Canada to step up flu vaccine research

Canadian health officials created a network of researchers on Friday to speed up influenza research, saying they will test new vaccines against the H1N1 flu.

The network of 80 scientists from 30 research and public health institutions will get C$10.8 million $9.7 million over three years, Health Minister Leona Aglukkaq said.

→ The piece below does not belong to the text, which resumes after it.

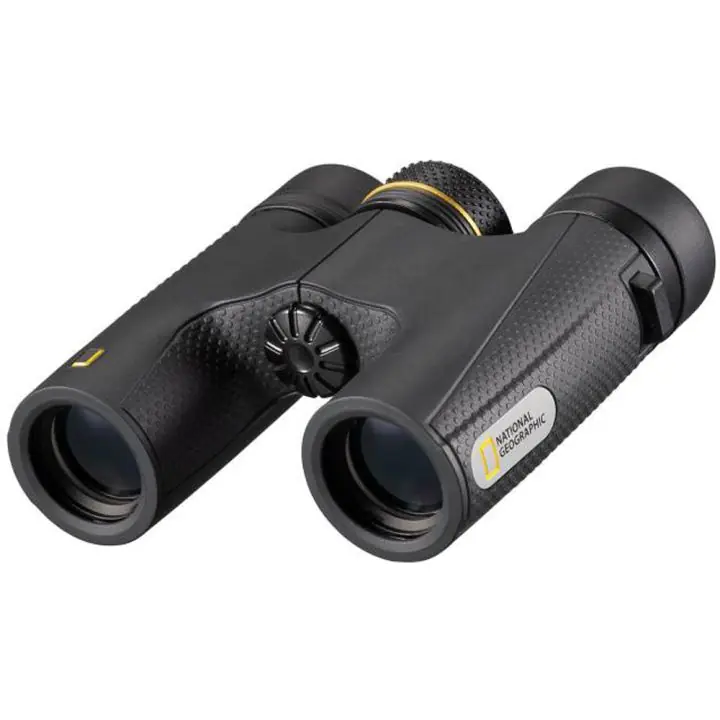 Бинокъл Bresser National Geographic 10x25, (35949114)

"We have put this research network in place ahead of schedule to help us respond to the current flu outbreak," she said.

"Through this network, scientists from across the country will play a critical role in helping to protect the health of Canadians and their families."

The new strain of H1N1 swine flu has infected 1,795 Canadians and killed three. While it is mild now, global health officials fear it could turn into a more virulent form.

"So far, the impact has been relatively mild here in Canada but we must be vigilant and we must be ready to respond, and of course research will play a major role in this," Aglukkaq said at a news conference.

Globally, the new strain has been confirmed in 21,940 people and has killed 125, although U.S. health officials say they suspect more than 200,000 people there are infected.

The World Health Organization and other health authorities have not decided whether a vaccine against the new H1N1 strain will be needed but many companies are starting to work on one.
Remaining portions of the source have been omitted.